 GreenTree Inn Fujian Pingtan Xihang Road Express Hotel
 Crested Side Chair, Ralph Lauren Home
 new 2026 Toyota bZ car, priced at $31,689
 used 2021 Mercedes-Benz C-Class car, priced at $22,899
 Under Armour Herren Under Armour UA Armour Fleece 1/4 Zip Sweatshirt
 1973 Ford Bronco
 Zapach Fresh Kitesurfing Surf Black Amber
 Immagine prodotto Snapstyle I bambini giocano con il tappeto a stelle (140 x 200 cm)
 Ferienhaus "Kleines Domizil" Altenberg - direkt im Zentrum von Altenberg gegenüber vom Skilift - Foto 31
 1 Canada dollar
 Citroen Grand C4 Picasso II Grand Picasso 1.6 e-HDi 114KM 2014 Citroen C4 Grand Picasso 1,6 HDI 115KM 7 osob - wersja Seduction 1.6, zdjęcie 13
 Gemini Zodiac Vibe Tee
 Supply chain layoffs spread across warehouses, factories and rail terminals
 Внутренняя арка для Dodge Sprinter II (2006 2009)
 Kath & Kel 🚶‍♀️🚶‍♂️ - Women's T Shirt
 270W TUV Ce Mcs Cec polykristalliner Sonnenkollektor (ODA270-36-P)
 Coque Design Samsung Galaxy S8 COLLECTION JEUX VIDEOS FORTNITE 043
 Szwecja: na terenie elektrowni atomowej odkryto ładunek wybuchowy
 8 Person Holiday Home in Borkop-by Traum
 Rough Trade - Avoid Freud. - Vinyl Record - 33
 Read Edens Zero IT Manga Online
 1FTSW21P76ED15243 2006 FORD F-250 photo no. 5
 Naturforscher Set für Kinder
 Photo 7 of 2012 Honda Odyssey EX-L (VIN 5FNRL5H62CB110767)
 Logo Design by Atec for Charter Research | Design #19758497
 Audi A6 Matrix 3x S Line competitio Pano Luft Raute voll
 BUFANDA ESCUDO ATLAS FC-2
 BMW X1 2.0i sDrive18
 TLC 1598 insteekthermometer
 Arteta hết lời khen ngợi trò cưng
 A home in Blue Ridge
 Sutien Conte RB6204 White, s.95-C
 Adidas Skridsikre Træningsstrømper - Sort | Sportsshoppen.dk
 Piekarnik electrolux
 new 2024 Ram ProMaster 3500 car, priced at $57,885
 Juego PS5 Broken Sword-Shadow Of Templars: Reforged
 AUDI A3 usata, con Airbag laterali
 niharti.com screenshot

ACTIVITY >> Once you find the line with "Crested Side Chair, Ralph Lauren Home" in the entries above, output it and each line after it up to and including the line with "Immagine prodotto Snapstyle", and nothing else.

WRITTEN RESPONSE >>
 Crested Side Chair, Ralph Lauren Home
 new 2026 Toyota bZ car, priced at $31,689
 used 2021 Mercedes-Benz C-Class car, priced at $22,899
 Under Armour Herren Under Armour UA Armour Fleece 1/4 Zip Sweatshirt
 1973 Ford Bronco
 Zapach Fresh Kitesurfing Surf Black Amber
 Immagine prodotto Snapstyle I bambini giocano con il tappeto a stelle (140 x 200 cm)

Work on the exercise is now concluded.